**What needs to be done:** Of the lines in the data below, write out exactly those from the one holding "Urokliwy dom 105" through the one holding "Used 2024 GMC", both included.

**Extracted data:**
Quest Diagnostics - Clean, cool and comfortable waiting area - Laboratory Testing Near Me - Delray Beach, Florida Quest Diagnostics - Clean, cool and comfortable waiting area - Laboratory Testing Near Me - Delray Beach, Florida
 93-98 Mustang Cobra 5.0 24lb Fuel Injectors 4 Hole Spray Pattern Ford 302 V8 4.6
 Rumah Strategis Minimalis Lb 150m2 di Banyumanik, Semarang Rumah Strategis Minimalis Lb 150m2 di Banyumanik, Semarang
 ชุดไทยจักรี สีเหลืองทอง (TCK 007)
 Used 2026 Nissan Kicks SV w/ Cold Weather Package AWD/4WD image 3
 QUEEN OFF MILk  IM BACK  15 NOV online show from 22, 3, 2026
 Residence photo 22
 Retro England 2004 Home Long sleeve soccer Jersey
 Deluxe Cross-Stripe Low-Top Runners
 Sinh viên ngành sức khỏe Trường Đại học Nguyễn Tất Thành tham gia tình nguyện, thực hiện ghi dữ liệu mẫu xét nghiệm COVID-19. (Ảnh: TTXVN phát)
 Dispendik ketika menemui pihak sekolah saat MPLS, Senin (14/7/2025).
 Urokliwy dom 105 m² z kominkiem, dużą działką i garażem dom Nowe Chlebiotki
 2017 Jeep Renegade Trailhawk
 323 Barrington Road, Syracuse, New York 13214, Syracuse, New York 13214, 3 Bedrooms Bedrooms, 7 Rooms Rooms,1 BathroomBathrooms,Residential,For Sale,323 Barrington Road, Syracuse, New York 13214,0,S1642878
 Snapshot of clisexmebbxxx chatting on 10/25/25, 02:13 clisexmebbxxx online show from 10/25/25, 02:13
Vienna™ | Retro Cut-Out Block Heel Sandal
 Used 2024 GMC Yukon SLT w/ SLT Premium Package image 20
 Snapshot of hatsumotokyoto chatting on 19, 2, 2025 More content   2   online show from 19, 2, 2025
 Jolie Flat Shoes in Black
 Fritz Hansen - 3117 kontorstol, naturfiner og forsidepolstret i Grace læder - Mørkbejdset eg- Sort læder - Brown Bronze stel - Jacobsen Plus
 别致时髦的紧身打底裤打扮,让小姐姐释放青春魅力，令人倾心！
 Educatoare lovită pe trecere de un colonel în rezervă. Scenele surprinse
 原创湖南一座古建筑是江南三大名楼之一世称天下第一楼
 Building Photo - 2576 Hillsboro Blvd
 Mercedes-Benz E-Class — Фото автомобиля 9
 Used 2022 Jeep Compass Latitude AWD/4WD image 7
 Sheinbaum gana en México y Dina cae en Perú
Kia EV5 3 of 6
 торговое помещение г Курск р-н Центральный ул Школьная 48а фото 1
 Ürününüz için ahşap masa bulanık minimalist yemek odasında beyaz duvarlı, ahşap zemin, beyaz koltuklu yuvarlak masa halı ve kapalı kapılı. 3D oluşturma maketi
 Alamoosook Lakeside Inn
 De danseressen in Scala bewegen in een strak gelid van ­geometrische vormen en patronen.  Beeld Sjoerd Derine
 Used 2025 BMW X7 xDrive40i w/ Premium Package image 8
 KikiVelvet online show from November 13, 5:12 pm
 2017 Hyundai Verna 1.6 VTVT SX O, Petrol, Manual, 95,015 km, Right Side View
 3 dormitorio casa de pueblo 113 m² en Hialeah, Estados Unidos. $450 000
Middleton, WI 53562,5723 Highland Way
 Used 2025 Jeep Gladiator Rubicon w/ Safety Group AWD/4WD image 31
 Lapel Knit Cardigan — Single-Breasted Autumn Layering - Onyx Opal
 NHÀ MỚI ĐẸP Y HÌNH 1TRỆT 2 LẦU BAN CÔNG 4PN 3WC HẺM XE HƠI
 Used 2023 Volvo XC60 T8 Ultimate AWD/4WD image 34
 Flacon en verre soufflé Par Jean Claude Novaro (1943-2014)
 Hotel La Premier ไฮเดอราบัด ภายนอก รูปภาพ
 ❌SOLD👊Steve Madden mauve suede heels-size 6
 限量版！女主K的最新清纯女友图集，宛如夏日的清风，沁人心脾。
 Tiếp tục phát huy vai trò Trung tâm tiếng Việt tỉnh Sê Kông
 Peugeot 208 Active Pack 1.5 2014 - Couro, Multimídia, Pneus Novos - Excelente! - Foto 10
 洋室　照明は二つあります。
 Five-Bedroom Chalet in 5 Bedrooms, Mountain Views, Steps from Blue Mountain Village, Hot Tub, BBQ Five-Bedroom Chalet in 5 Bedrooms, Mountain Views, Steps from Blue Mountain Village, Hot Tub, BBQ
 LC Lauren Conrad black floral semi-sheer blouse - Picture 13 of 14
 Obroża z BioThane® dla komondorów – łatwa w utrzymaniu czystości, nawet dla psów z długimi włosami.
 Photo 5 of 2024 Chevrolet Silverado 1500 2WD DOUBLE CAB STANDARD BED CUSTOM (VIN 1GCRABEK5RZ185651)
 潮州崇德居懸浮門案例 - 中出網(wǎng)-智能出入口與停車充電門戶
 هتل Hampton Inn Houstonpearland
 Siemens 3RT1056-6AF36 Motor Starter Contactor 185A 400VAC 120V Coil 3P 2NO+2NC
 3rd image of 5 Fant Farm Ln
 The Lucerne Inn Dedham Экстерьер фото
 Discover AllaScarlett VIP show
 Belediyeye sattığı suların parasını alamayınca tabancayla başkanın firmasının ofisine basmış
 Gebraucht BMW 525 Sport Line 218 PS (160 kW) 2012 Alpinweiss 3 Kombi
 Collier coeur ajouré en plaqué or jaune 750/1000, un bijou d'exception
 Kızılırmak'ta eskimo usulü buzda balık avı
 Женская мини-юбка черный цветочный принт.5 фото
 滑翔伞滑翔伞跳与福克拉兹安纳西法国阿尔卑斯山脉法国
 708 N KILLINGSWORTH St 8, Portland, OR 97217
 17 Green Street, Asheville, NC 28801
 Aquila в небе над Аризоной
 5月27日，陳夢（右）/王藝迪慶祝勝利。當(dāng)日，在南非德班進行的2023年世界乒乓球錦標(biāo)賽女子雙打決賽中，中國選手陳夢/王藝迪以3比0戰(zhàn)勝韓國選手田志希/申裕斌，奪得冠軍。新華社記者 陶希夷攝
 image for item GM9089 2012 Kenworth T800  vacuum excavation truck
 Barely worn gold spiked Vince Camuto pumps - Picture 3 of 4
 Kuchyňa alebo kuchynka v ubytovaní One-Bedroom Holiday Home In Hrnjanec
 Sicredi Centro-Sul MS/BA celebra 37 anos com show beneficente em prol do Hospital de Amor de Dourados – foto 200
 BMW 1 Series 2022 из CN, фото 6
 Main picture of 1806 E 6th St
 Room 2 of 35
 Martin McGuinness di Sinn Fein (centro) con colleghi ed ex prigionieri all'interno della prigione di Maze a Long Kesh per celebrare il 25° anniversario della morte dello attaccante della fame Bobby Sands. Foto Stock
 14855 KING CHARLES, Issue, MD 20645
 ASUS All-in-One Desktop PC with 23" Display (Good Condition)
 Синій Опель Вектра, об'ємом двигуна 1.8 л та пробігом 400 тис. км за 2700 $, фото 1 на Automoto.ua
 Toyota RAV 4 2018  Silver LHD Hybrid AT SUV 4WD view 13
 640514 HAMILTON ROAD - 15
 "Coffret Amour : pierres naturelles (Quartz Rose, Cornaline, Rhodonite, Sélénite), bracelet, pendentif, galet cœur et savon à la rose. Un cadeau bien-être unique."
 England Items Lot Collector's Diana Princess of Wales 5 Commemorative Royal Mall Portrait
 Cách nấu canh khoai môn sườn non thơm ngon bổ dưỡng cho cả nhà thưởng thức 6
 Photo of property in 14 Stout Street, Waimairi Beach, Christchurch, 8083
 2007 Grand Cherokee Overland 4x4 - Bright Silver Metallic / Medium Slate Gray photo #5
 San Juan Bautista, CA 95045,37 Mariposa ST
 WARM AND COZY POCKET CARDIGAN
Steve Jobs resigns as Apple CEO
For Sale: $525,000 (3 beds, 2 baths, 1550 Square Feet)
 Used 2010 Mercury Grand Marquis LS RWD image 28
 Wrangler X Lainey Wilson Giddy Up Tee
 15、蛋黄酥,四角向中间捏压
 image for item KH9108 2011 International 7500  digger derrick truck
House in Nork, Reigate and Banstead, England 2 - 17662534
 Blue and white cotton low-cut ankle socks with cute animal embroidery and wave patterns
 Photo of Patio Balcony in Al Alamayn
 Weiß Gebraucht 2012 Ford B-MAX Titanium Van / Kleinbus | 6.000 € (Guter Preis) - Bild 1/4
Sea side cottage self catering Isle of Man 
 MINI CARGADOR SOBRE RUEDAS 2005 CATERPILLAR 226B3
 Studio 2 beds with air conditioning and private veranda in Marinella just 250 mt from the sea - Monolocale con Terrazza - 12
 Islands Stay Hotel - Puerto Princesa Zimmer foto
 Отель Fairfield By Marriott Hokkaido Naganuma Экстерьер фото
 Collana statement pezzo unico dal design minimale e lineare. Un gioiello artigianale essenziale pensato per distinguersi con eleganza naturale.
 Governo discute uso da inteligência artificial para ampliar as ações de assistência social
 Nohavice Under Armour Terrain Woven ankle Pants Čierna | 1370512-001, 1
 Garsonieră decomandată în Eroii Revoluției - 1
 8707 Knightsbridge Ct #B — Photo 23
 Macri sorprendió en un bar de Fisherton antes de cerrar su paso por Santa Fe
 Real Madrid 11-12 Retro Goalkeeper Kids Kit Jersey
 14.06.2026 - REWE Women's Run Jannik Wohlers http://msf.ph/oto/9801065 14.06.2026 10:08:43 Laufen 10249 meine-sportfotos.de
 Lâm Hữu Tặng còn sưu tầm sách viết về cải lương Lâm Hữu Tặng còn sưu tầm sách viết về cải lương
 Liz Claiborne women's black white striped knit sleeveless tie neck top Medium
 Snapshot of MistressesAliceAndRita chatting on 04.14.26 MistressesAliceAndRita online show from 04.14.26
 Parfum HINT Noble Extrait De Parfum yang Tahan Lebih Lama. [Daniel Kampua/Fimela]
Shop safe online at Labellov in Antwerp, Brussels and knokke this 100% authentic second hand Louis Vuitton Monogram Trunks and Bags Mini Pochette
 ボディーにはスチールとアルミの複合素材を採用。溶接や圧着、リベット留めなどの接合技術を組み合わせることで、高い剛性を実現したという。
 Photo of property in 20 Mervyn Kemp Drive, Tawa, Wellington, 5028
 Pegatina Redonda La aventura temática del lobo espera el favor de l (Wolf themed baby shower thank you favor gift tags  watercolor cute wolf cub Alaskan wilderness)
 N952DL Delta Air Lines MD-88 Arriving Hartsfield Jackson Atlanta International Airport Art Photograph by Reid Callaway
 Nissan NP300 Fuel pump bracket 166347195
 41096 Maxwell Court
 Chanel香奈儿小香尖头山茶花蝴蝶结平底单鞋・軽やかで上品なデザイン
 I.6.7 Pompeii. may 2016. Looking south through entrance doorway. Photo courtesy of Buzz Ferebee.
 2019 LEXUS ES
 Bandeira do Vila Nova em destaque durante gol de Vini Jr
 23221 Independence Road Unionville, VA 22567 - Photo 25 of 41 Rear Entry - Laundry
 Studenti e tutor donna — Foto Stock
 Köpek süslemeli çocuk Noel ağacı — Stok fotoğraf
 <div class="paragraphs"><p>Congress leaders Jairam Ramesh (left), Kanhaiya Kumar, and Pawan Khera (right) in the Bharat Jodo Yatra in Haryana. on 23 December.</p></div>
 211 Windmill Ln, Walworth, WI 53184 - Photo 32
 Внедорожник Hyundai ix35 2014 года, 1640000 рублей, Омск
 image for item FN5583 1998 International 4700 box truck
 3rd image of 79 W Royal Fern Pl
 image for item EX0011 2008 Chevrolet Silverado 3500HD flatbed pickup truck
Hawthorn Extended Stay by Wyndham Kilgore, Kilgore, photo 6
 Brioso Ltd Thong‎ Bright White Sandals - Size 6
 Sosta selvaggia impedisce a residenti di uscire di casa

**Your response:**
 Urokliwy dom 105 m² z kominkiem, dużą działką i garażem dom Nowe Chlebiotki
 2017 Jeep Renegade Trailhawk
 323 Barrington Road, Syracuse, New York 13214, Syracuse, New York 13214, 3 Bedrooms Bedrooms, 7 Rooms Rooms,1 BathroomBathrooms,Residential,For Sale,323 Barrington Road, Syracuse, New York 13214,0,S1642878
 Snapshot of clisexmebbxxx chatting on 10/25/25, 02:13 clisexmebbxxx online show from 10/25/25, 02:13
Vienna™ | Retro Cut-Out Block Heel Sandal
 Used 2024 GMC Yukon SLT w/ SLT Premium Package image 20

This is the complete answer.